>>>
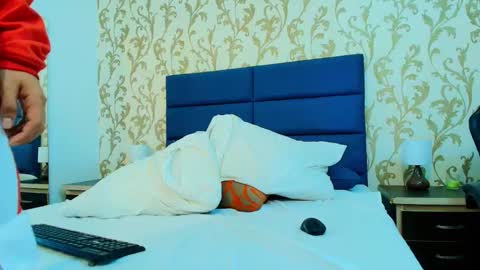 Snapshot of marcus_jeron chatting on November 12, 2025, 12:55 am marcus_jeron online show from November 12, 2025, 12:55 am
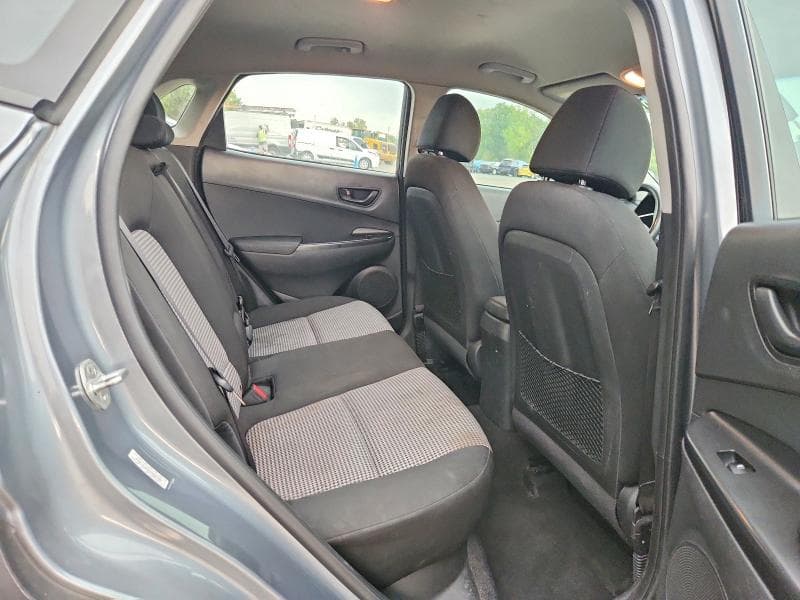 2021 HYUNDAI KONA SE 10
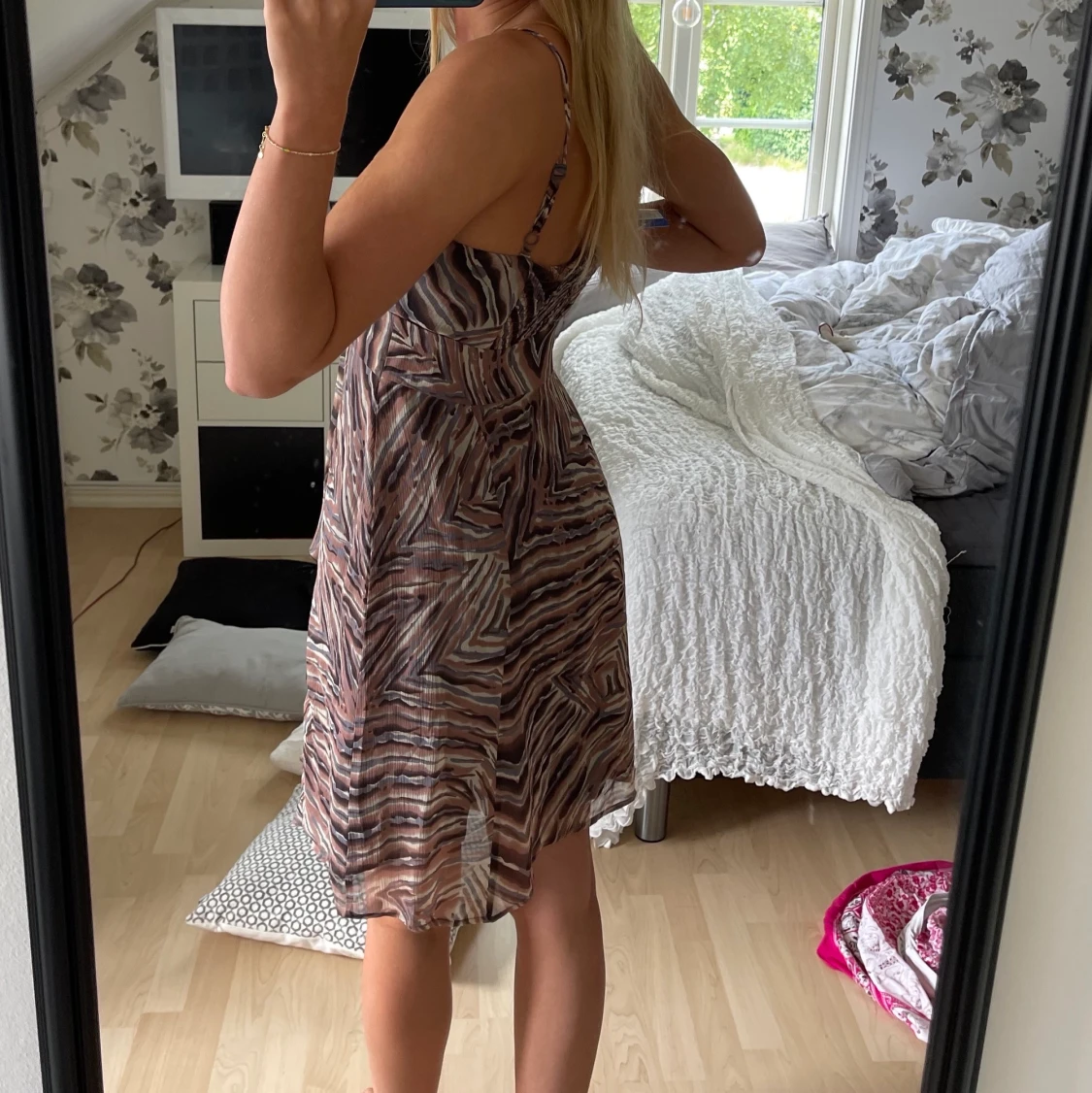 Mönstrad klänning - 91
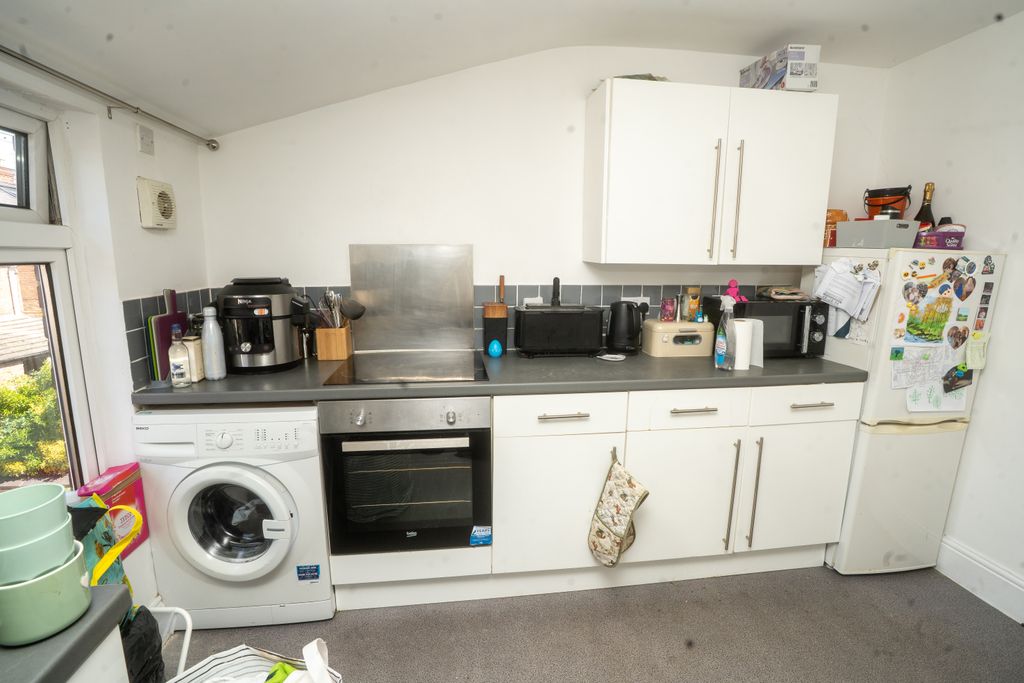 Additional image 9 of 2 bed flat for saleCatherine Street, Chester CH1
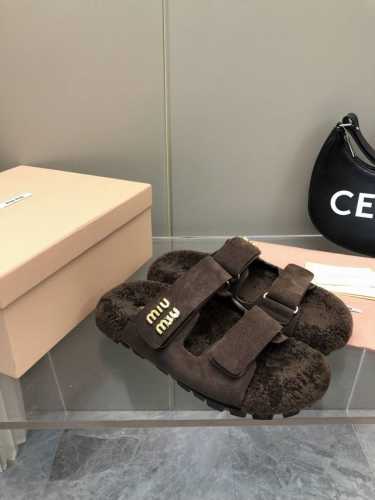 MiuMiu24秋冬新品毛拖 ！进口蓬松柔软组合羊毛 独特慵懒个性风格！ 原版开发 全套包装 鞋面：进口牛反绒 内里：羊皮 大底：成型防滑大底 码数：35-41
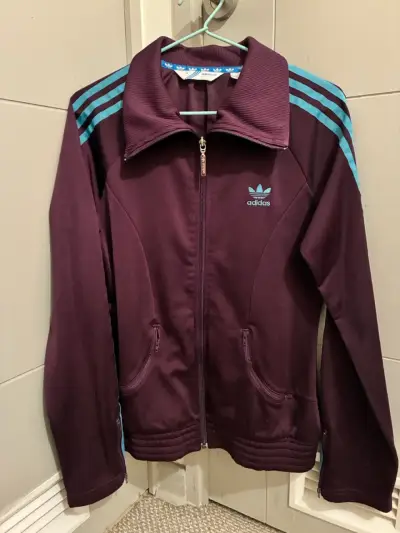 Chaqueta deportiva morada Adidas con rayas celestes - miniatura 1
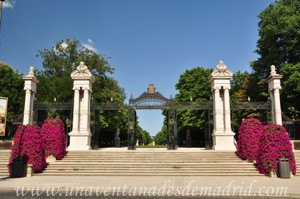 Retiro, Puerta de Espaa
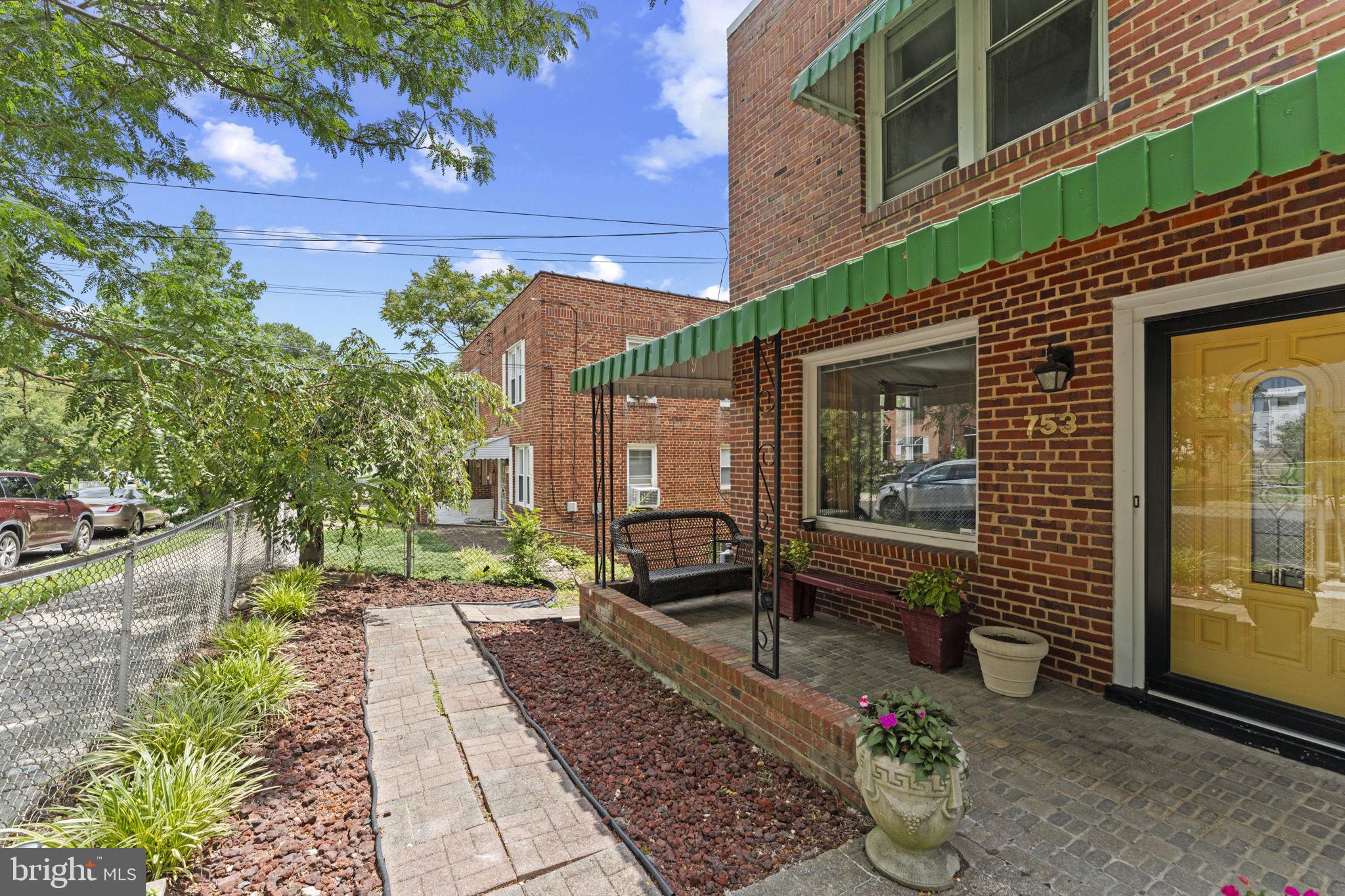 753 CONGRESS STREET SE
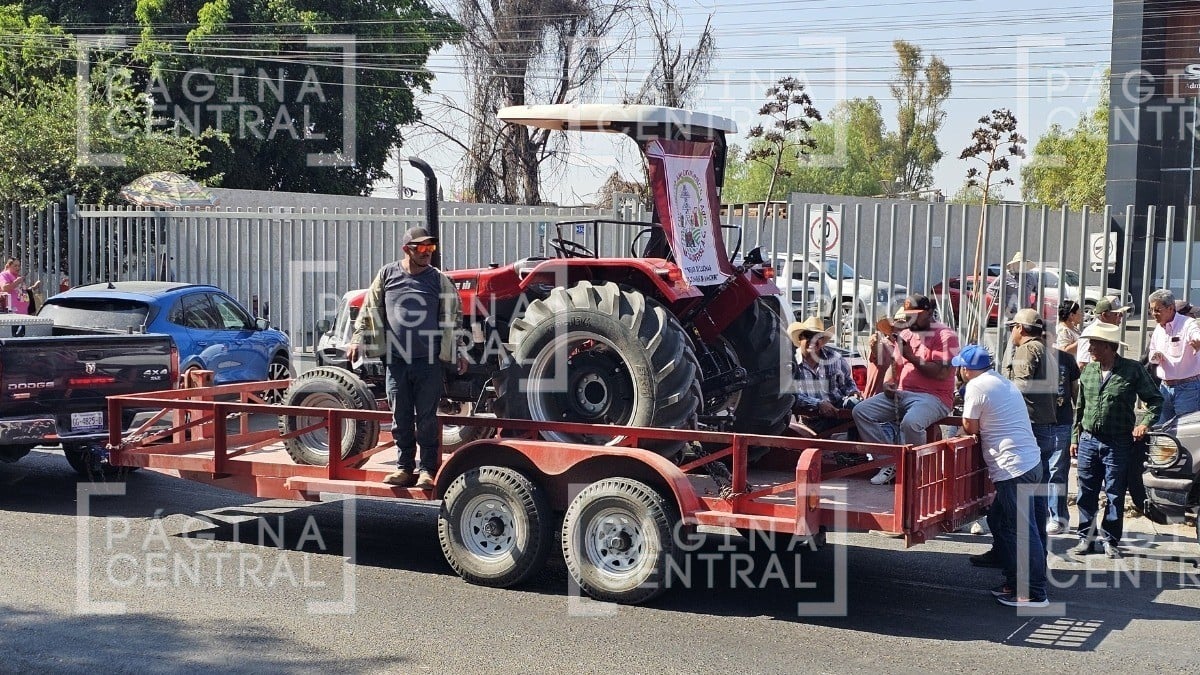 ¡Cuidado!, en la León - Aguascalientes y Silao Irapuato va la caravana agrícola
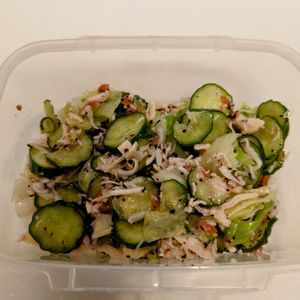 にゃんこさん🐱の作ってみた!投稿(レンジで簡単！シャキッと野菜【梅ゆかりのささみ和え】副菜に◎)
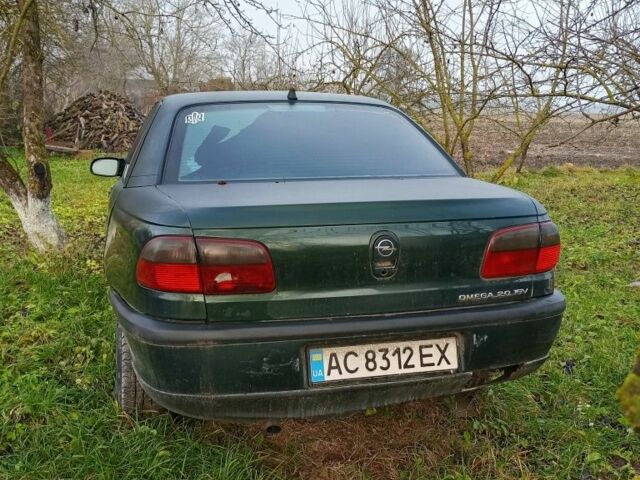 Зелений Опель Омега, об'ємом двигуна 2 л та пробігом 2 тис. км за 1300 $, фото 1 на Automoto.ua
<<<
## About this exercise
Copy out the listing above in full and leave out its pictures.

## Response area
 Snapshot of marcus_jeron chatting on November 12, 2025, 12:55 am marcus_jeron online show from November 12, 2025, 12:55 am
 2021 HYUNDAI KONA SE 10
 Mönstrad klänning - 91
 Additional image 9 of 2 bed flat for saleCatherine Street, Chester CH1
 MiuMiu24秋冬新品毛拖 ！进口蓬松柔软组合羊毛 独特慵懒个性风格！ 原版开发 全套包装 鞋面：进口牛反绒 内里：羊皮 大底：成型防滑大底 码数：35-41
 Chaqueta deportiva morada Adidas con rayas celestes - miniatura 1
 Retiro, Puerta de Espaa
 753 CONGRESS STREET SE
 ¡Cuidado!, en la León - Aguascalientes y Silao Irapuato va la caravana agrícola
 にゃんこさん🐱の作ってみた!投稿(レンジで簡単！シャキッと野菜【梅ゆかりのささみ和え】副菜に◎)
 Зелений Опель Омега, об'ємом двигуна 2 л та пробігом 2 тис. км за 1300 $, фото 1 на Automoto.ua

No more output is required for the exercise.